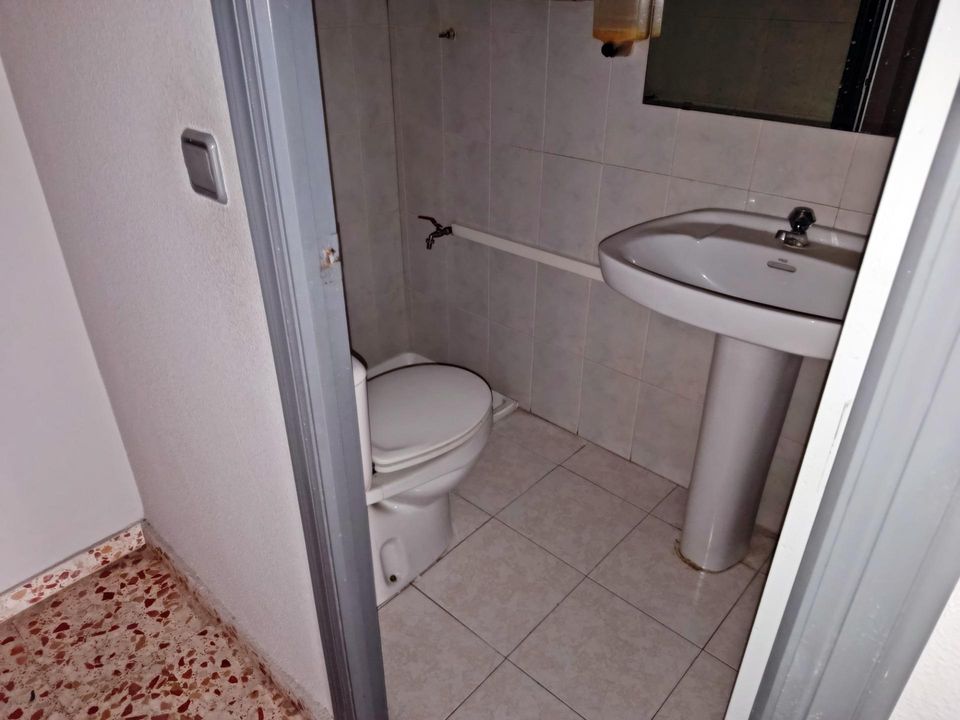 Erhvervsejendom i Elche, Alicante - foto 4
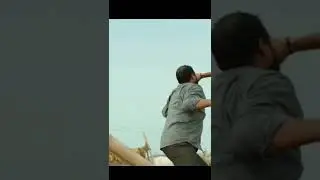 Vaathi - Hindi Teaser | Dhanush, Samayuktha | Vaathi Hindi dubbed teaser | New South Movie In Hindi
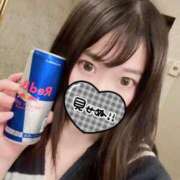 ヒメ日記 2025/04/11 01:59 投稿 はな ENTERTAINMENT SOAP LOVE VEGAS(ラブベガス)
━━━
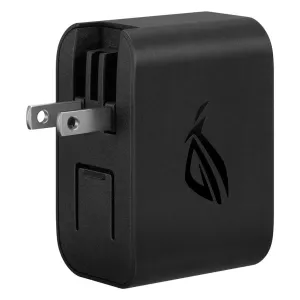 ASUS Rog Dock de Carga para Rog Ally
━━━
> Problem details
"Erhvervsejendom i Elche, Alicante - foto 4" marks the first line to copy, and "ヒメ日記 2025/04/11 01:59" marks the last. Repeat that stretch above exactly, with no pictures.

> Solution below
 Erhvervsejendom i Elche, Alicante - foto 4
 Vaathi - Hindi Teaser | Dhanush, Samayuktha | Vaathi Hindi dubbed teaser | New South Movie In Hindi
 ヒメ日記 2025/04/11 01:59 投稿 はな ENTERTAINMENT SOAP LOVE VEGAS(ラブベガス)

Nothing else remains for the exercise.